● **Your assignment**
Nothing but the lines from the top of the following entries through the line with "Placa protectora de" should be printed, exactly as they are.

● **Task input**
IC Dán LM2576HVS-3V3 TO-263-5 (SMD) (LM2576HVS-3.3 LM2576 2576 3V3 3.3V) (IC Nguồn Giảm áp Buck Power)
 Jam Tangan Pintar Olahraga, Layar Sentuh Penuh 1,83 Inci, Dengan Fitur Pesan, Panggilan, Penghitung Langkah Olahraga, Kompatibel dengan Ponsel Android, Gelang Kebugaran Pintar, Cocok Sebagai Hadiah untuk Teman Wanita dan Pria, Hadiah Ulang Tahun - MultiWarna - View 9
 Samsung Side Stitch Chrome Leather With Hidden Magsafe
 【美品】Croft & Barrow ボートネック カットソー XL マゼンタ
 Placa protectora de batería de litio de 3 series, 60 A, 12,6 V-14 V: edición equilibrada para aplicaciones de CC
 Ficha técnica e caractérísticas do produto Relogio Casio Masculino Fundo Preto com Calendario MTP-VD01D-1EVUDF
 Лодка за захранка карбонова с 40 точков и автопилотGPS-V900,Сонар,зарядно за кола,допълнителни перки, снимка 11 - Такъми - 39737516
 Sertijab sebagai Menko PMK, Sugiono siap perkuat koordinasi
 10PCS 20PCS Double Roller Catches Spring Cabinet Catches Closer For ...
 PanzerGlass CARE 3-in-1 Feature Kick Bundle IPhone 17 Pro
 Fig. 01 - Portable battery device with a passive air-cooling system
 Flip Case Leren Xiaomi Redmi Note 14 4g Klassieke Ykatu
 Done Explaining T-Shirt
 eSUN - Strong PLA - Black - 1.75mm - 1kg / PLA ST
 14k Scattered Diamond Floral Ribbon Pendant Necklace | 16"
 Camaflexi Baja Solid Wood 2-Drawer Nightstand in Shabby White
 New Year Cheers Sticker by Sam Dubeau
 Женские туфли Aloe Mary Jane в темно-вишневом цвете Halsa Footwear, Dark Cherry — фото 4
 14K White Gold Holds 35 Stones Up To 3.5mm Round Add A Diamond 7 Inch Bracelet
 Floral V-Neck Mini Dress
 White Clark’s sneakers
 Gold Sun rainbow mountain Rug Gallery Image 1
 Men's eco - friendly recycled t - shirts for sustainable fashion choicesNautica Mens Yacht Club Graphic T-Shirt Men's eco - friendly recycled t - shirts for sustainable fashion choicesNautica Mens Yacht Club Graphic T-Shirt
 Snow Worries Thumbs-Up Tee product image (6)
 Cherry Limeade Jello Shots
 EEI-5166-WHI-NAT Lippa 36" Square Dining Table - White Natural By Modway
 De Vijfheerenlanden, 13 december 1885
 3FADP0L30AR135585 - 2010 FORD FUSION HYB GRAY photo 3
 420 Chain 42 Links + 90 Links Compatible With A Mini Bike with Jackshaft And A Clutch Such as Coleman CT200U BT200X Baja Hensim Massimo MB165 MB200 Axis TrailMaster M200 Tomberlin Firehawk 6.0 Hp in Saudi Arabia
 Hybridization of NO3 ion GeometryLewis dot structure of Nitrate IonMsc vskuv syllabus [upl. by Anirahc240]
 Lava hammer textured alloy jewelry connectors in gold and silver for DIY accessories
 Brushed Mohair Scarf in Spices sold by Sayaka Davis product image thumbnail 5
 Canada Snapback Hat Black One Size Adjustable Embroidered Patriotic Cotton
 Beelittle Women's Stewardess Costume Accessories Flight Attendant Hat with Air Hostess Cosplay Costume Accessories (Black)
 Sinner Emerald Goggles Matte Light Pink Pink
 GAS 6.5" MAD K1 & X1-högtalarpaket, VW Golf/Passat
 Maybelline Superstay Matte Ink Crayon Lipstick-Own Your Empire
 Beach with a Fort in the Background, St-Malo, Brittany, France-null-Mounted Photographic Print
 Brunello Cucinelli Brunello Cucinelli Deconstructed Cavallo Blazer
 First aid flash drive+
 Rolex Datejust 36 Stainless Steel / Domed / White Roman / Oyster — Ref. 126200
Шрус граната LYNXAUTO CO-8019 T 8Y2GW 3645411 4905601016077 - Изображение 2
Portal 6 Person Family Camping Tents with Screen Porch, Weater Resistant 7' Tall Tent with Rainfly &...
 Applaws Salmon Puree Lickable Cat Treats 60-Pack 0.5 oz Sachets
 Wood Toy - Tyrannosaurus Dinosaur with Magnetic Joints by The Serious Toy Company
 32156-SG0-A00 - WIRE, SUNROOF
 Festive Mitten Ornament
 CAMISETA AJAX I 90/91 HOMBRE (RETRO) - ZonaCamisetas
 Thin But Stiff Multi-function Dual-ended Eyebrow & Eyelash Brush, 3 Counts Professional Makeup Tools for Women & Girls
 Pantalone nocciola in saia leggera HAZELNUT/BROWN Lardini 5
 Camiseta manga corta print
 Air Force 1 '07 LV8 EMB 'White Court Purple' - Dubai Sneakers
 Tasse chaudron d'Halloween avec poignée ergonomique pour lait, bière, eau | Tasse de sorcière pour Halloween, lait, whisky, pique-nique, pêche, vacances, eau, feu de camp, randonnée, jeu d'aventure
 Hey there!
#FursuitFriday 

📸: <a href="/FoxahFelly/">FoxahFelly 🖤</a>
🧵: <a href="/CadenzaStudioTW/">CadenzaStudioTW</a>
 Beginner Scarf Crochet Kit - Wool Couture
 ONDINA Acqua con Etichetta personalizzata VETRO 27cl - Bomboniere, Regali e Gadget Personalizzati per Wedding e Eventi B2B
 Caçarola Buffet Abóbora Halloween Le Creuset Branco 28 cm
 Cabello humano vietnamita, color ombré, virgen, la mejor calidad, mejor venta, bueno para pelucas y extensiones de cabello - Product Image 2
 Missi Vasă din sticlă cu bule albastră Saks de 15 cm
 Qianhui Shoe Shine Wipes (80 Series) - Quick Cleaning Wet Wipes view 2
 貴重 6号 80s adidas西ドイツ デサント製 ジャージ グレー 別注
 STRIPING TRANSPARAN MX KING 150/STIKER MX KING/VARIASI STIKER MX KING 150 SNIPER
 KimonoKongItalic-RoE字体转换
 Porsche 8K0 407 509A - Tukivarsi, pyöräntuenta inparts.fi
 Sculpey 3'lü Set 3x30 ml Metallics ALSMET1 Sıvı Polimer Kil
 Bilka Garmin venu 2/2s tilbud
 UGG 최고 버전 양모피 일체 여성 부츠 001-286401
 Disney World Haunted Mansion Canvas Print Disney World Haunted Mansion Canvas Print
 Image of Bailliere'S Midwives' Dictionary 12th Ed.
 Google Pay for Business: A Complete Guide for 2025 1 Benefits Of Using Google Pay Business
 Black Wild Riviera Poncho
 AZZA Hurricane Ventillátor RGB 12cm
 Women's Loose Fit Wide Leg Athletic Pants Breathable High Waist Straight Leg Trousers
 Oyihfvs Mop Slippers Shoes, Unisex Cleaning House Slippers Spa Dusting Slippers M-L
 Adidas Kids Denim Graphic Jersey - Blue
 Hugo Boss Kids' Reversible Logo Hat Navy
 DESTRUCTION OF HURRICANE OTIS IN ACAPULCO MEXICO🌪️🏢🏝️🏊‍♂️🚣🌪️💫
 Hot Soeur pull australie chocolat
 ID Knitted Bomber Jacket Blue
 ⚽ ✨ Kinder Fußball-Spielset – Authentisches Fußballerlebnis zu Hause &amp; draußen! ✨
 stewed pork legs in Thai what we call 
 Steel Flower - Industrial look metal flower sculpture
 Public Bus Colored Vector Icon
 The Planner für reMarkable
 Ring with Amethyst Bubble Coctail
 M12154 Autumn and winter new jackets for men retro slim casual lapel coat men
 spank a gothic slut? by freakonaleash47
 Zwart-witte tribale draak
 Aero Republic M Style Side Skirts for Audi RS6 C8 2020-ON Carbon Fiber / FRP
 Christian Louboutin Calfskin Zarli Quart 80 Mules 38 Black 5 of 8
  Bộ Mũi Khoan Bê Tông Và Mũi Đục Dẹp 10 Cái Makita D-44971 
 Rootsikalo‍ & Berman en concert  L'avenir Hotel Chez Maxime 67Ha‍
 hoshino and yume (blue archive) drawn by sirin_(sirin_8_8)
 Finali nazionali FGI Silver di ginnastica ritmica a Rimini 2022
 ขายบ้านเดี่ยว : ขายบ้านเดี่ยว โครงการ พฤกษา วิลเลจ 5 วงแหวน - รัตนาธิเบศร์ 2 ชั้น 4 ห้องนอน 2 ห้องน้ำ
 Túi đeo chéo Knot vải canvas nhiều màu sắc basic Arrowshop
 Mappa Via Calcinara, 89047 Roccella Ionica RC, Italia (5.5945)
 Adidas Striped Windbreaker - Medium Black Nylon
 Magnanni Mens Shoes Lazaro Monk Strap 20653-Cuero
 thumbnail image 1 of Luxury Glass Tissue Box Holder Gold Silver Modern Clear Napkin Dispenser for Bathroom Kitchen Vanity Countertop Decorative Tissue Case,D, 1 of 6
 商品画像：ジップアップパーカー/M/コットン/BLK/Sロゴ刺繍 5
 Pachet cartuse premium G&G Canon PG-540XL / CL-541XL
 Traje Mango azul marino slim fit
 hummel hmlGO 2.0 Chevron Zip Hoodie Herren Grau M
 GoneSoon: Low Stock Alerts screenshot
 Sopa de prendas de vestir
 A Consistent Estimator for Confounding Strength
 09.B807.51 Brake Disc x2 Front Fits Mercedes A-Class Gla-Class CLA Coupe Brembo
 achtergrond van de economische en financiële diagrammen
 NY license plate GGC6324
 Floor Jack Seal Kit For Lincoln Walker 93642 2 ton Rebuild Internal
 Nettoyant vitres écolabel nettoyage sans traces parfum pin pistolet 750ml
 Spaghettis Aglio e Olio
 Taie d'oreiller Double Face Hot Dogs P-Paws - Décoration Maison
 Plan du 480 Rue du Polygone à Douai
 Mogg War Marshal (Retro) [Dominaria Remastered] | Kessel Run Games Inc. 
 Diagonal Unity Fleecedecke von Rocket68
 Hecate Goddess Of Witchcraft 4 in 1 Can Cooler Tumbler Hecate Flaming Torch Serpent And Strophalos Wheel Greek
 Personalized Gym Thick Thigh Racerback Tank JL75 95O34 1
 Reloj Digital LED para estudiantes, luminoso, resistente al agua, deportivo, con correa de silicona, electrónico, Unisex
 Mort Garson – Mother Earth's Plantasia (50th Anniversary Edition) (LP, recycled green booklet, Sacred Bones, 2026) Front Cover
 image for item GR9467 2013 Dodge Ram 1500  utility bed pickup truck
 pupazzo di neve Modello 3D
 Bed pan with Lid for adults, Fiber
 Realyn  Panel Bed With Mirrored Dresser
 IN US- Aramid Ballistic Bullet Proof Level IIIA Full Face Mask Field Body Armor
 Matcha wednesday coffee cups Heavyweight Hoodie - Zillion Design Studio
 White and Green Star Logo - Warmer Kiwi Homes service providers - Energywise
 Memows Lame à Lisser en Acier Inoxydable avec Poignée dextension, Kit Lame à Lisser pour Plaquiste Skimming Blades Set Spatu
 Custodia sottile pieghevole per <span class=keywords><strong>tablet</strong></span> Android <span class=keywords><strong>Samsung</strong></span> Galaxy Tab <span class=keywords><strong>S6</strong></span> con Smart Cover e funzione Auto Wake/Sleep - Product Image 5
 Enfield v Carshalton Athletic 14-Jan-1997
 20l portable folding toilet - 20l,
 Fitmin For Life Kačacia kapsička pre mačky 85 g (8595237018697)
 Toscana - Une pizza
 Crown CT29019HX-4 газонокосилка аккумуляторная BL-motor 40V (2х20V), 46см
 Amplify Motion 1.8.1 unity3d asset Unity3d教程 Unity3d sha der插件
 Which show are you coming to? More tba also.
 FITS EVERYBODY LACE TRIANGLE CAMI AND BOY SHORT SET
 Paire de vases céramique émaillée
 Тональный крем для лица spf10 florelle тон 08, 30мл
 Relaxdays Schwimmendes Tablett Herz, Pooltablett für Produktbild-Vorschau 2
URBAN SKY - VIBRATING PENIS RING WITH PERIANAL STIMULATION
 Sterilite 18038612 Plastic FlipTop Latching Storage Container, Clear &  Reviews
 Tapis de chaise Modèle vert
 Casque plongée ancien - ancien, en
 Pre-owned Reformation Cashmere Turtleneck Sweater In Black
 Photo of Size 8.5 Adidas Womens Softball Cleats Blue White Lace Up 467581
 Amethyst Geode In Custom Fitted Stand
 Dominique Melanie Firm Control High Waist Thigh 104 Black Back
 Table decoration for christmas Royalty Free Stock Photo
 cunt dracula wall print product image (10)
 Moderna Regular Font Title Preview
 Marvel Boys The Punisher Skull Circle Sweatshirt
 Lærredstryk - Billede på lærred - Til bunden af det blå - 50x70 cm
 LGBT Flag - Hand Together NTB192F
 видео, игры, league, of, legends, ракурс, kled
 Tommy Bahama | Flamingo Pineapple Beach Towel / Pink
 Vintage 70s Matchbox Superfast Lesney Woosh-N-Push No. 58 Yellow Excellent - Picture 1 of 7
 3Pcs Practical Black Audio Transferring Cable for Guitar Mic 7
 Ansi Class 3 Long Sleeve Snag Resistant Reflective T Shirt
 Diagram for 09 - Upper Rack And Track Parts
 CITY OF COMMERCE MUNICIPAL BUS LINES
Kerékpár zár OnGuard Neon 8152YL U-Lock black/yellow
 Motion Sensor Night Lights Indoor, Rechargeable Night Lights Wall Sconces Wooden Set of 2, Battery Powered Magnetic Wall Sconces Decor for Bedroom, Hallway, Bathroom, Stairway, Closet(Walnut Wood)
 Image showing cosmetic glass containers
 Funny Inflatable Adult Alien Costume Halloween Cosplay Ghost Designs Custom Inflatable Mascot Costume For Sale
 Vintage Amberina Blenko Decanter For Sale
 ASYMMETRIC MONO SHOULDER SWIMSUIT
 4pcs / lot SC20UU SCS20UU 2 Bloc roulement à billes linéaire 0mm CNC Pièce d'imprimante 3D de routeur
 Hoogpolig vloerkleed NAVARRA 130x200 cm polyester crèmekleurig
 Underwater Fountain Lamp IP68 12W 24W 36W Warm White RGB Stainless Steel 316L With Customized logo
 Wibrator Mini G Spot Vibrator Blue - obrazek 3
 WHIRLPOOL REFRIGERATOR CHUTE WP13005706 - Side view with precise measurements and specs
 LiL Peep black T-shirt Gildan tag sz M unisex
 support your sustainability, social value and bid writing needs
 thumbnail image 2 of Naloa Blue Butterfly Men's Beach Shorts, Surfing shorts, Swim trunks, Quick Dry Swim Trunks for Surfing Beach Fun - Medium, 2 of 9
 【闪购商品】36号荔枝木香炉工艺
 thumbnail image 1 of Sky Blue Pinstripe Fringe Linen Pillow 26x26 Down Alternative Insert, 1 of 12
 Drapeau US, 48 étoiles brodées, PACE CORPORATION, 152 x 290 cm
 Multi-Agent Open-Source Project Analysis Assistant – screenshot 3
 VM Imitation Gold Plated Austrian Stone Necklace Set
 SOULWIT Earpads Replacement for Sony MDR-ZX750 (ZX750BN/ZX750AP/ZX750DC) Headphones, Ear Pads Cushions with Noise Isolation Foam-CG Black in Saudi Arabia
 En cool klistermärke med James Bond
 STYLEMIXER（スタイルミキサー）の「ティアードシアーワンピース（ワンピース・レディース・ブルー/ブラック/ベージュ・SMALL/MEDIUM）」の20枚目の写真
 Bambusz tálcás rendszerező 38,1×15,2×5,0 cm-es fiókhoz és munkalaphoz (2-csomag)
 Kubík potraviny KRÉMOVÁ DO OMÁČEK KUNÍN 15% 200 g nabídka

● **Answer space**
IC Dán LM2576HVS-3V3 TO-263-5 (SMD) (LM2576HVS-3.3 LM2576 2576 3V3 3.3V) (IC Nguồn Giảm áp Buck Power)
 Jam Tangan Pintar Olahraga, Layar Sentuh Penuh 1,83 Inci, Dengan Fitur Pesan, Panggilan, Penghitung Langkah Olahraga, Kompatibel dengan Ponsel Android, Gelang Kebugaran Pintar, Cocok Sebagai Hadiah untuk Teman Wanita dan Pria, Hadiah Ulang Tahun - MultiWarna - View 9
 Samsung Side Stitch Chrome Leather With Hidden Magsafe
 【美品】Croft & Barrow ボートネック カットソー XL マゼンタ
 Placa protectora de batería de litio de 3 series, 60 A, 12,6 V-14 V: edición equilibrada para aplicaciones de CC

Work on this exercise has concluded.